The story takes place in the 1700s and concerns one María Dolores, the daughter of the city’s executioner. The unfortunate María fell in love with a young rogue named of Betancourt, a thief and all-around scoundrel who was eventually caught and hung (by María's father, no less). Betancourt's body was left dangling on the gallows for 24 hours at the top of a hill outside the city walls, where it was soon seen by María. The girl was so distraught that she hung herself by his side. In true Shakespearean fashion, her father, who came by to dispose of Betancourt, found his daughter swinging next to him and promptly died. The ghosts of María Dolores and Betancourt can still be found at the place where they met their end ... where the mighty fortress now stands.

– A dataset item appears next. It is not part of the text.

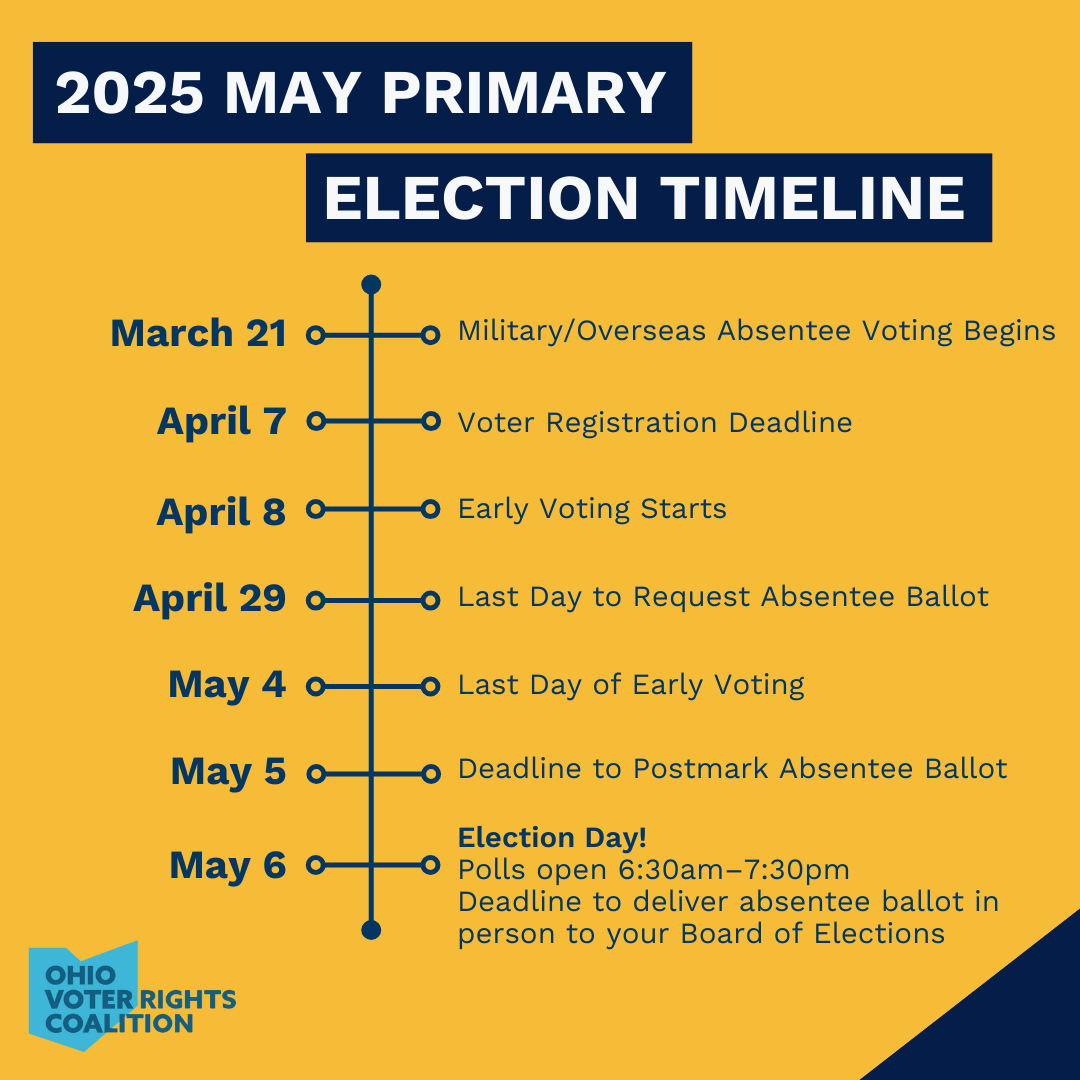 📣 Ohio: every election matters, so make your voice heard in the primary election on May 6!

Bookmark this timeline so you don't miss any key dates!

I've heard numerous ghost stories concerning El Morro, the venerable fortress overlooking San Juan Bay. There's the spirit of the White Lady who, it is said, can be spotted gliding along the ramparts. I've heard of apparitions (soldiers and prisoners) strolling around the fortress.
And then there's the chapel. Check out what Ghost Hunters discovered when they came to visit the chapel on a sunny day.
The El Convento Hotel is one of my favorite places to stay in Puerto Rico. Historic, elegant and luxurious, it captures the spirit of Old San Juan. It also has its share of spirits of Old San Juan. There have been numerous sightings in the guest rooms of this one-time Carmelite convent. One popular ghost is Doña Ana de Lansos y Menéndez de Valdez, who was none other than the founder of the convent.
Doña Ana was its first mother superior, and many say she never left. She and her nuns have been reported to be seen walking the halls of the convent, and the swishing sound of their robes still echoes through this lovely hotel, centuries after Doña Ana's death.
4. Teatro Tapia
Considered the oldest free-standing theater under U.S. jurisdiction, Teatro Tapia has a venerable and centuries-old tradition as Old San Juan's premier venue for the performing arts. The interior of the theater is beautiful, a reminder of a nostalgic and elegant age. But if you choose to visit here to catch a show, don't be completely surprised if you run into something from that age. People have felt something brush against them, have seen apparitions, and have heard footprints... you know, standard paranormal activity.